Van Lanschot Kempen: solid performance and proposal to return capital
- Net result at €39.3 million (H1 2017: €62.3 million), underlying net result at €47.2 million (H1 2017: €69.6 million)
- Strong 13% increase in commission income
- Client assets stable at €83.7 billion and AuM stable at €69.1 billion
- €0.3 billion in net AuM inflows at Private Banking
- Further strengthening of capital position: fully loaded CET1 ratio at 21.4% (year-end 2017: 20.3%)
- Special capital return proposal of €1.50 per share
Karl Guha, Chairman, said: “Over the past six months, we have continued to work on strengthening our position as a specialist wealth manager. Our results – a sharp increase in commission income, net inflows at Private Banking and a robust capital position – made for a solid start to the year. That said, our efficiency ratio has risen, and has our full attention.

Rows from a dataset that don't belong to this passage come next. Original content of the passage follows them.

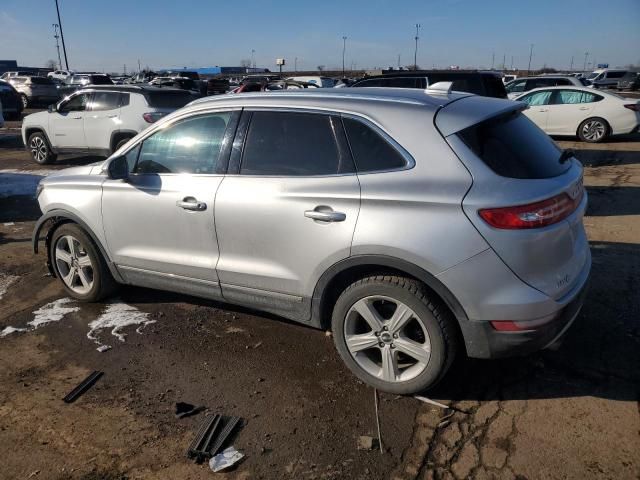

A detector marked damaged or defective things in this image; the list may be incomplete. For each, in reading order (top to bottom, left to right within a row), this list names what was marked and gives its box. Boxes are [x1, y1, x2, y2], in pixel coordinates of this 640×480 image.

cracked asphalt [1, 113, 640, 480] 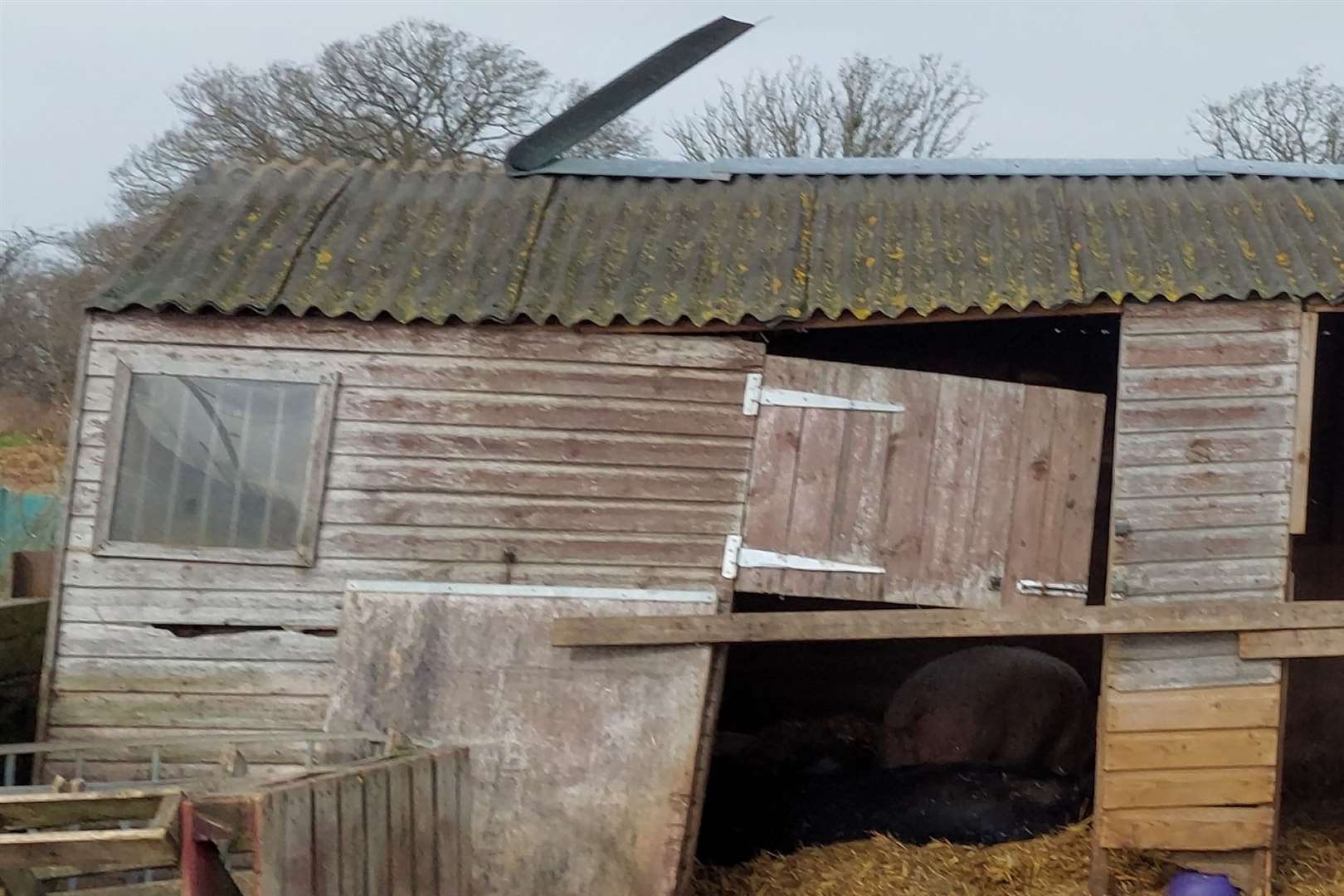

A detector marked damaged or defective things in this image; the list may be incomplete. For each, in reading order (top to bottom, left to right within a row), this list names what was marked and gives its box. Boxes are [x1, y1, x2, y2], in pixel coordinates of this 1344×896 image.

damaged roof panel [94, 163, 1341, 327] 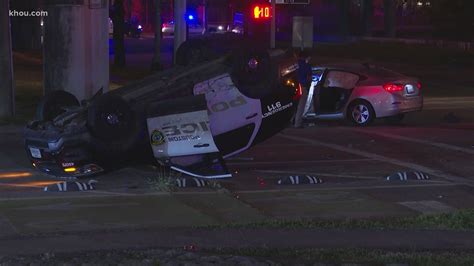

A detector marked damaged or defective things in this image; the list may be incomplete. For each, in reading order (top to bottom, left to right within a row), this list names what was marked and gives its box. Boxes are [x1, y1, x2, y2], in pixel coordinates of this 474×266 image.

overturned police car [24, 36, 300, 179] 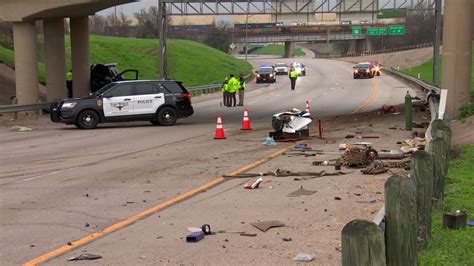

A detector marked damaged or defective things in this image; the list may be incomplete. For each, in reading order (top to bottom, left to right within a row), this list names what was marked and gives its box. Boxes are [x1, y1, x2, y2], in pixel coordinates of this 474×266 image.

wrecked vehicle [270, 108, 312, 141] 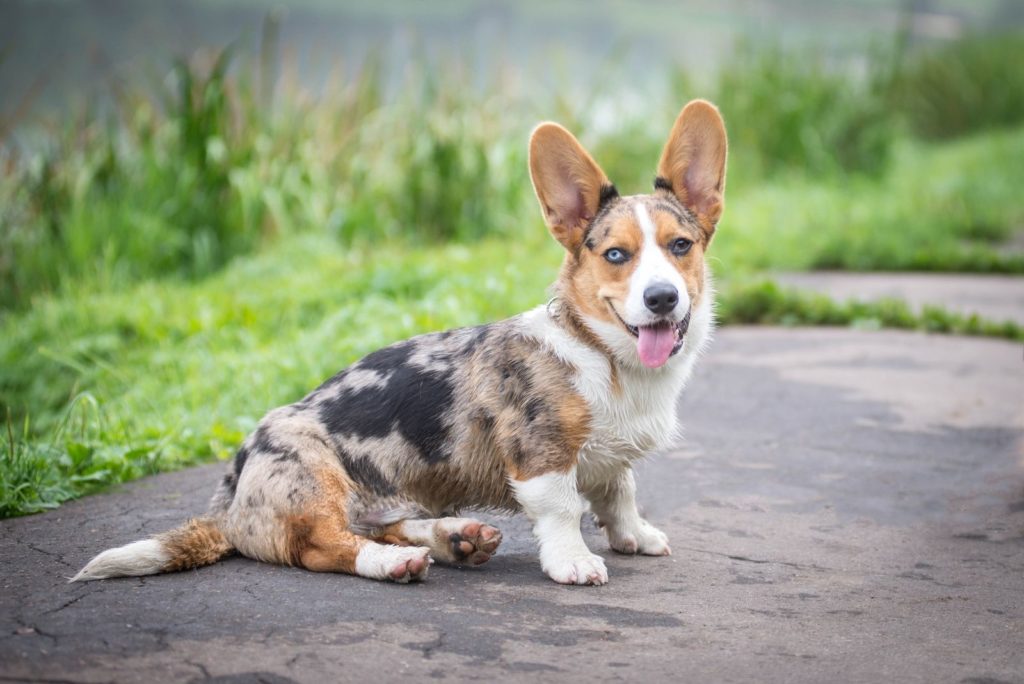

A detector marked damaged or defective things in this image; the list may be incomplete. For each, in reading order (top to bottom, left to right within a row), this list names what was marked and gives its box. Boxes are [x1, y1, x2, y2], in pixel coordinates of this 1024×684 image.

cracked pavement [0, 327, 1019, 679] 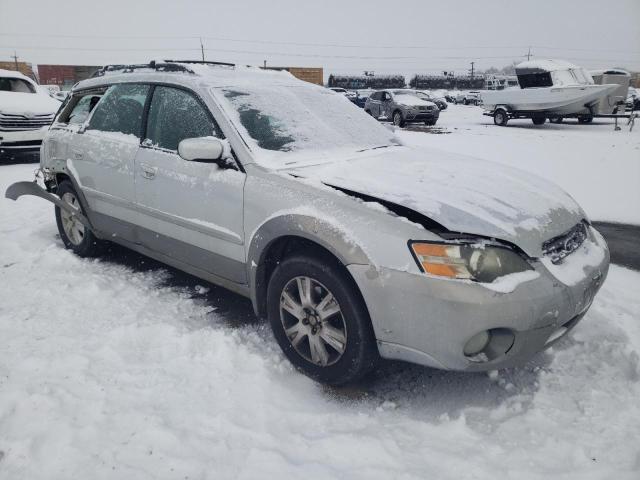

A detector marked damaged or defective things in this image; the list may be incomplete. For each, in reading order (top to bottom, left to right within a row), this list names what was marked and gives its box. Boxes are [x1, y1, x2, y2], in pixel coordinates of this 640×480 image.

crumpled hood [0, 91, 60, 115]
damaged silver wagon [6, 61, 608, 382]
crumpled hood [288, 147, 584, 256] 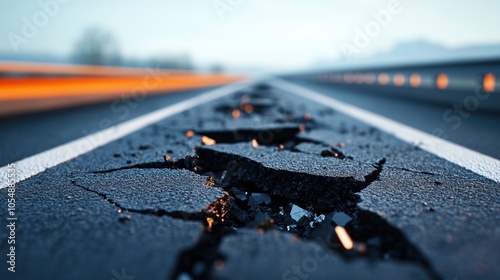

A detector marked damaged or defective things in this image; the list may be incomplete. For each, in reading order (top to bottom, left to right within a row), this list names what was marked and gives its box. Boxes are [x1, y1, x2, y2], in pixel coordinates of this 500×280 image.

cracked asphalt [0, 82, 500, 278] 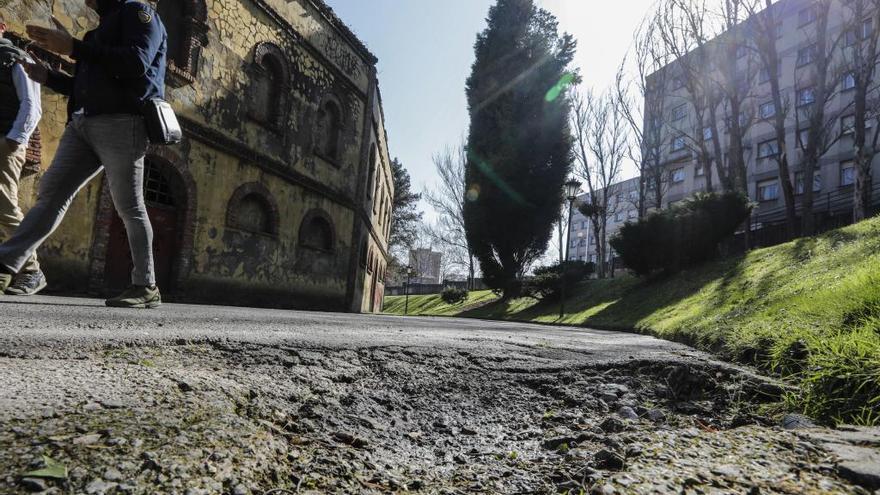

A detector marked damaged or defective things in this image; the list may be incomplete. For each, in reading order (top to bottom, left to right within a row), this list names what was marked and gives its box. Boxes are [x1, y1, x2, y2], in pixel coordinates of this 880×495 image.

cracked asphalt [0, 296, 876, 494] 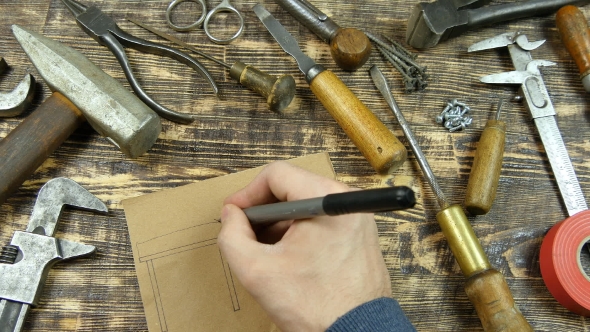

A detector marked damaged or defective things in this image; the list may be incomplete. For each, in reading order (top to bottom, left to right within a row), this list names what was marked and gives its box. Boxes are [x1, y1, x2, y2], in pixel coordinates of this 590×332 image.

We’re happy that our strong capital position enables us to propose returning €1.50 per share to our shareholders. We thank our clients and shareholders for their loyalty and the trust they put in us.”
At €39.3 million, the net result in the first half of 2018 came in well below the year-earlier figure, but included no significant proceeds from sales of participating interests in Van Lanschot Kempen’s private equity portfolio and investment funds. The 13% advance in commission income reflects growth in assets under management (AuM) since last year and a strong performance at Merchant Banking. Private Banking continued to grow and saw net inflows of €0.3 billion. Merchant Banking recorded a 39% increase in commission income on the back of a high number of successful corporate finance and capital market transactions.
The first quarter’s equity market volatility calmed down as the second quarter progressed, resulting in a net positive market performance of €0.1 billion for the first half. Enjoying a slight net increase, AuM ended up at €69.1 billion, compared with €69.0 billion at year-end 2017. Private Banking grew its AuM by a net €0.2 billion to €22.8 billion, whereas Asset Management saw AuM reduce by €0.1 billion to €45.4 billion in the wake of outflows from its investment strategies. Growth is expected in Asset Management, with the Arcadis pension fund mandate coming into effect on 1 July and several other mandates in the pipeline. Evi saw client numbers up by 20% and its AuM grew to €1 billion.
The CET1 ratio* recorded a strong increase to 21.4% from 20.3%, and return on equity amounted to 8.7%. The robust capital position enables Van Lanschot Kempen to propose a capital return of €1.50 per share. If approved, over €60 million will be paid to shareholders, taking the total payment to over €210 million and staying on course to realise its ambition to return at least €250 million to shareholders before the end of 2020.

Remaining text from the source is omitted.